Quelques jours avant, les organisations syndicales avaient reçu du ministère à un groupe de travail mardi 22 septembre : « ORS
refonte de la partie 108 heures »

Déjà aujourd’hui, ces ORS sont remises en cause par les inlassables tentatives des IA-DASEN d’accroître sans cesse le temps de
travail des enseignants : à chaque fois, le SNUDI-FO intervient pour les faire respecter.
Mais que signifient les propos du ministre concernant le passage de 18h à 36h de « formation » pour les personnels ?
Entend-il augmenter nos ORS au-delà de 108h ? La formation passerait-elle de 18h à 36h pour tous les collègues ou pour une
partie seulement comme le ministre le sous-entend ? Comment déterminer « le besoin des équipes » évoqué par le ministre ?
Si les 108h sont formellement respectées, à la place de quoi ces 18h de formation supplémentaires se mettraient-elles en place ?
Si le ministère entend améliorer la formation des enseignants, il n’a qu’à revenir à une vraie formation sur temps de classe en remplaçant les personnels qui y participent ! Il n’a qu’à respecter la liberté pour les personnels de s’inscrire aux animations pédagogiques de leurs choix.
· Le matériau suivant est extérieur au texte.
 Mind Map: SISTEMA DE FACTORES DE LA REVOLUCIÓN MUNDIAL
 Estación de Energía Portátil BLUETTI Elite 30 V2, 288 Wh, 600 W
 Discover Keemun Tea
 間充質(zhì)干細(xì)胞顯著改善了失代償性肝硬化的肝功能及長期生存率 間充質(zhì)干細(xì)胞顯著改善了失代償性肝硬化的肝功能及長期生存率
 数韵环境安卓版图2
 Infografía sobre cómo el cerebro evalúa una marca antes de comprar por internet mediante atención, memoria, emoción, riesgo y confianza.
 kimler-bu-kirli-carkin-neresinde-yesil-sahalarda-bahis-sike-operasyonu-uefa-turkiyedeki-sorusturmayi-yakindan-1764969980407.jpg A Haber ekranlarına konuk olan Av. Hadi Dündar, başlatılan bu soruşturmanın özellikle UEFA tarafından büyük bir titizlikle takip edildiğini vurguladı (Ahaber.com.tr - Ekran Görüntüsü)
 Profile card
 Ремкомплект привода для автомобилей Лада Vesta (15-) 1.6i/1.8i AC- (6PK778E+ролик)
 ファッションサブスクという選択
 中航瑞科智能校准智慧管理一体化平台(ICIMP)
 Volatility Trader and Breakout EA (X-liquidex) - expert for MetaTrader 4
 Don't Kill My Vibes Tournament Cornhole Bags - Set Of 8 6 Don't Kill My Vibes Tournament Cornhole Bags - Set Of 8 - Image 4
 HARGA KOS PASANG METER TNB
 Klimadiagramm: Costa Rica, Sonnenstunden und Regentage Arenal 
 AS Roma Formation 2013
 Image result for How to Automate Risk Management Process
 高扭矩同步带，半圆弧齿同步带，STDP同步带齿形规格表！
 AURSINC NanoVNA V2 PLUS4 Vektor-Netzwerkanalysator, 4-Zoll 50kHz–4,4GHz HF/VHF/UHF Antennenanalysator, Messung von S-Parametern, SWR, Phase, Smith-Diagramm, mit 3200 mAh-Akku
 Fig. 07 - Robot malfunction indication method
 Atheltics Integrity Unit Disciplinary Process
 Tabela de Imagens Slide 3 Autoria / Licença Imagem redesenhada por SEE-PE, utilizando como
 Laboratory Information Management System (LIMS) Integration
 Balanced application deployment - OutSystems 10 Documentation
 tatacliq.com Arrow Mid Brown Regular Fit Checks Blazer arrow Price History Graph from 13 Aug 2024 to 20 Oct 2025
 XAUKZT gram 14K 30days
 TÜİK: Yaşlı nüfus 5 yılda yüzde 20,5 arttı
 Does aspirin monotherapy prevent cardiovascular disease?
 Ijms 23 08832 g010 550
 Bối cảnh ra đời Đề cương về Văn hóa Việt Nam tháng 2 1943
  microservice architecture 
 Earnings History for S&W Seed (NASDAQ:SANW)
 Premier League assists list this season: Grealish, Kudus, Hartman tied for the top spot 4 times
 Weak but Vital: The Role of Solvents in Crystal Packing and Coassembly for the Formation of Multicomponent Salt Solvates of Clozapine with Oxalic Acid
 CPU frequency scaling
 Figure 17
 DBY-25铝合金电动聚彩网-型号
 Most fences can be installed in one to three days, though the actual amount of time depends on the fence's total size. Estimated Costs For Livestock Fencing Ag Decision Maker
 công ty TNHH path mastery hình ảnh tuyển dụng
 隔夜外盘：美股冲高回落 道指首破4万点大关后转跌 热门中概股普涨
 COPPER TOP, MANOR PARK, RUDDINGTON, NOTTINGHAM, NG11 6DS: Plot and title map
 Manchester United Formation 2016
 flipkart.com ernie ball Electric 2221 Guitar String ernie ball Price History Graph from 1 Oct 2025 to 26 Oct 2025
Et surtout qu’il abandonne tous les dispositifs visant à faire peser une pression permanente sur les personnels tout en augmentant leur temps de travail : évaluations d’école, résidences, pédagogiques, constellations…
Pour le SNUDI-FO, et au moment où nombre d’IA-DASEN piétinent déjà nos ORS, les annonces ministérielles ne peuvent que dissimuler une nouvelle offensive contre nos conditions de travail.
Le SNUDI-FO interviendra lors du groupe de travail pour refuser catégoriquement que cette prétendue « refonte » conduise à une augmentation du temps de travail des PE ou à une remise en cause de leurs ORS.
Le SNUDI-FO rendra compte des propositions du ministre lors du GT du 22 septembre.